Deleuze Versus Hegel

by Beth Metcalf

 

There are those who still understand Deleuze to say that individuals and persons must be fixed and numerically distinct substances.  They say there must be negative forces of opposition among these individuals.  They threaten that if there are not these structural-relational forces, then we would fall into an undifferentiated black nothingness without any difference at all.  How many times does Deleuze tell us that his ‘difference’ has nothing to do with this alternative!?  Deleuze warns us time and again of an illusory alternative that Representational thought presents to us:  either there is a difference of negation (opposition and limitation), or we have to settle for an undifferenciated abyss (a black nothingness).  Deleuze rejects this alternative of either undifferentiated unformed matter or differentiated formed matter.

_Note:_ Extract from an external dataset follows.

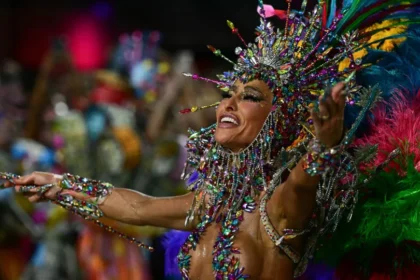 Estreia tumultuada de Virginia e sambas fortes marcam última noite de desfiles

Rather, to find 'difference', we must reach a field of unformed matter that is itself, differentiated.

 

Deleuze tells us that his philosophy of difference refuses the alternative of infinite representation.   (Difference & Repetition 52) “We refuse the general alternative proposed by infinite representation: the indeterminate, the indifferent, the undifferenciated or a difference already determined as negation, implying and enveloping the negative (by the same token, we also refuse the particular alternative: negative of limitation or negative of opposition).  In its essence, difference is the object of affirmation or affirmation itself.  In its essence, affirmation is itself difference.”  

 

Deleuze tells us that Representational thought always threatens us with this (DR268-9)  “illusory choice:  either being is full positivity, pure affirmation, but undifferenciated being, without difference; or being includes differences, it is Difference and there is non-being, a being of the negative.  All these antinomies are connected, and depend upon the same illusion.  We must say both that being is full positivity and pure affirmation, and that there is (non)-being which is the being of the problematic, the being of problems and questions, not the being of the negative.”  Therefore, Deleuze rejects the illusory alternative of Representation.  He denies that either difference must be negative, or there can be positive being with no difference at all.  Deleuze says difference must be both positive and affirmative (i.e., the (non)-being of the problematic).  (DR277) “The ultimate, external illusion of representation is this illusion that results from all its internal illusions – namely, that groundlessness should lack differences, when in fact it swarms with them.  What, after all, are Ideas, with their constitutive multiplicity, if not these ants which enter and leave through the fracture in the I?” 

 

(DR190-191) Deleuze says that Hegel threatened Schelling with the undifferenciated “night where all cows are black”.  (DR276) Deleuze says that “Representation, especially when it becomes infinite (like Hegel’s), is imbued with a presentiment of groundlessness.  Because it has become infinite in order to include difference within itself, however, it represents groundlessness as a completely undifferenciated abyss, a universal lack of difference, an indifferent black nothingness.  For representation began by connecting individuation to the form of the I and the matter of the self…For representation, every individuality must be personal (I) and every singularity individual (Self).  Where one no longer says I, individuation also ceases, and where individuation ceases, so too does all possible singularity.  Since groundlessness lacks both individuality and singularity, it is therefore necessarily represented as devoid of any difference.”  How can Deleuze say this any more clearly?  Representation (especially Infinite Representation) claims there can be no possible individuation, singularity, or difference unless we remain at the level of a fixed I/Self system of Representation.  Deleuze rejects this claim.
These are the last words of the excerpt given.